Sometimes appraisals can help private business owners increase the value of their company. Advisor Pat Horan, founder and managing partner of Horan & Associates in Towson, Md, remembers when a corporate attorney/CPA with a master's in taxation helped him value a client's business. The client thought his manufacturing firm was worth $10 million, but Horan was doubtful and sought bids from brokers, who put its value in the $4 million to $6 million range.

The attorney/CPA and Horan then worked with the client to find ways to increase the business' profit margins. They identified jobs that required less labor and would have fewer chances of returns from defective parts. They also look at ways processes could be automated. The client made the changes, was able to increase his profit margins and eventually sold the business for $12 million, Horan says. His firm now manages the proceeds from the sale through a customized, tax-efficient, managed portfolio that generates income and capital growth for the client, who is now retired.

Like Horan, other advisors say clients often start with an inflated value of what their businesses are worth. "It's a fair observation that most buyers do have an inflated view of market value because they remember the value during the good times three or four years ago. And the buyer wants to take advantage of the leaner times to purchase a business at a lower amount, so it's a little harder to find a reasonable price in between," says Mary Durie, a certified financial planner licensee with Quest Capital Management Inc. in Dallas. "Actually, I had a client who was about to buy a business, and in looking at the numbers, because the free cash flow was so tight, the value he was willing to pay was no where near what the owner was willing to sell it for. This was a graphic design firm."

Advisors and appraisers agree that when it comes to buying or selling a business, an appraisal is essential. "The value of a business represents both a tremendous investment for both the buyer and seller, and it's shortsighted not have a professional appraiser working with both the buyer and seller so they understand the valuation issues involved," maintains Steven F. Schroeder, an attorney and professional appraiser who is president of American Business Appraisers, a division of EVS Group in Marysville, Calif. "It's very easy in the emotion and passion of buying a business to make a mistake. And competent professional business appraisers bring a dispassionate view of value that should be important to all buyers and sellers of businesses."

In addition to buying or selling a firm, valuations often are needed for other potential or actual changes in ownership, says Laura Jane Tindall, Ph.D., a CPA and full-time business appraiser in Loxahatchee, Fla. They could include determining insurance coverage necessary upon an owner's death, establishing employee stock option plans, bringing in a new partner and passing the business on to heirs.

Tindall says business appraisals also are used to identify value for legal reasons, such as divorce, bankruptcy, breach of contract and minority-shareholder complaints. In 2002, the Financial Accounting Standards Board issued rules that require intangible assets to be valued.
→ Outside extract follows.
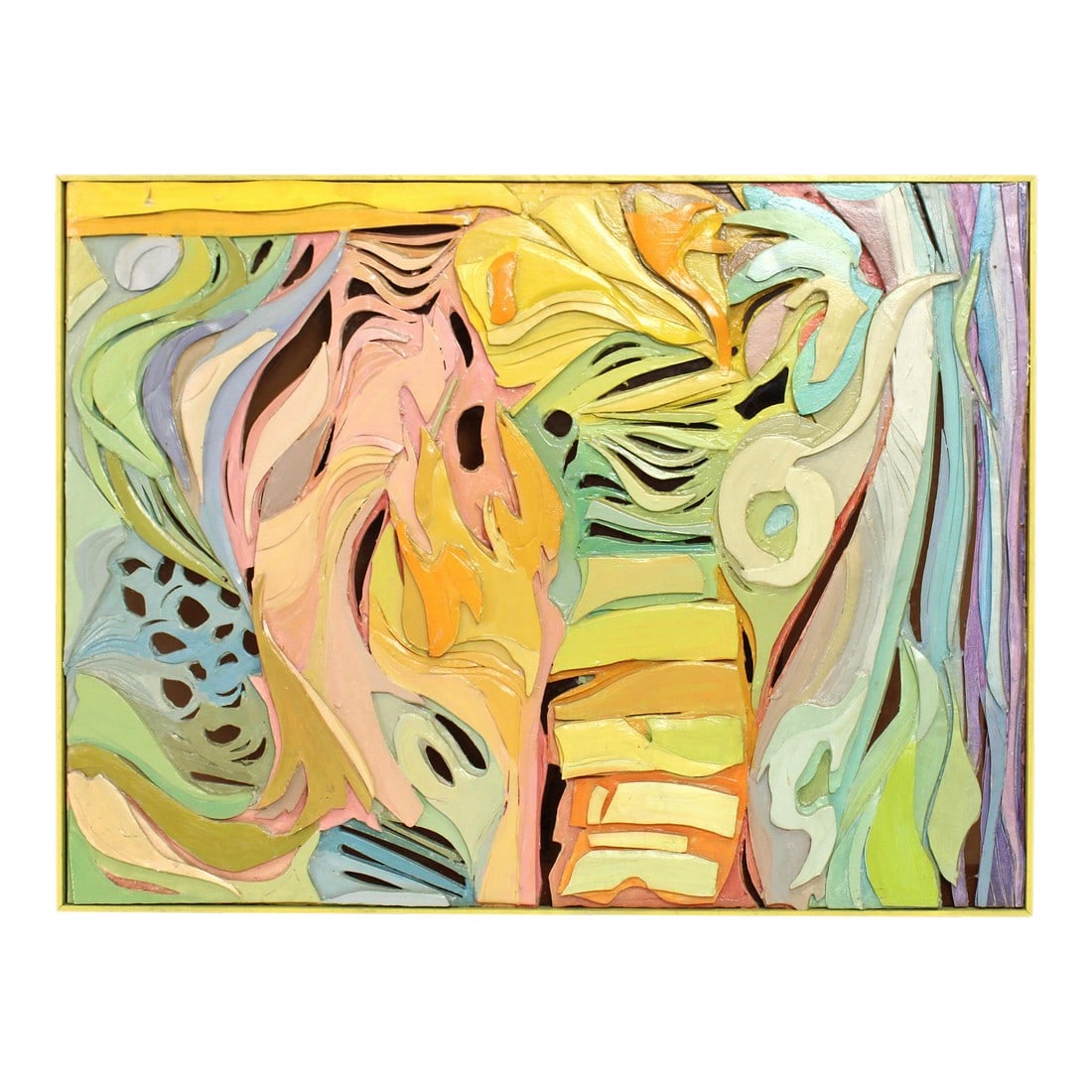 Mid 20th Century Vintage Mixed Media Postmodern Pastel Tone Painting Wall Sculpture #2, Framed (1 of 9)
They also require annual appraisals to identify any changes in the value of goodwill or other intangible assets, Tindall says. Also, appraisals sometimes are needed businesses seeking financing, she adds.

Some reasons for appraisals, and the considerations that go along with them, are discussed here.

Estate Planning And Taxes

Attorney Mark Shepard, a partner in the law firm of Williams Mullen in Richmond, Va., says appraisals often are necessary when valuing an interest in a closely held business for estate tax purposes. For a decedent with a gross estate of more than $1 million, his or her assets must be reported at fair market value on an estate tax return. Also, if lifetime gifts of business interests are made, Shepard says, it is generally prudent to obtain an appraisal and attach it to a gift tax return.

Shepard adds that appraisers often apply entity discounts when determining the value of closely held business interests. Because there is not a ready market for such interests, a lack-of-marketability discount may be appropriate, he explains. If the interest is not a controlling one, then a minority-interest discount (sometimes called a lack-of-control discount) also may be appropriate. Often, one appraiser is used to value the business and another to value the discounts, Shepard says. Typically the combined discounts range from 20% to 40%, he says, but he has seen them as high as 60%.

But in some circumstances, Shepard adds, the IRS may disallow a minority-interest discount and apply a swing-vote premium. For example, if a 2% interest in a business is being valued for gift tax purposes and there are two other shareholders each owning a 49% interest, the fair market value of that 2% interest may have significant and valuable controlling aspects, he says.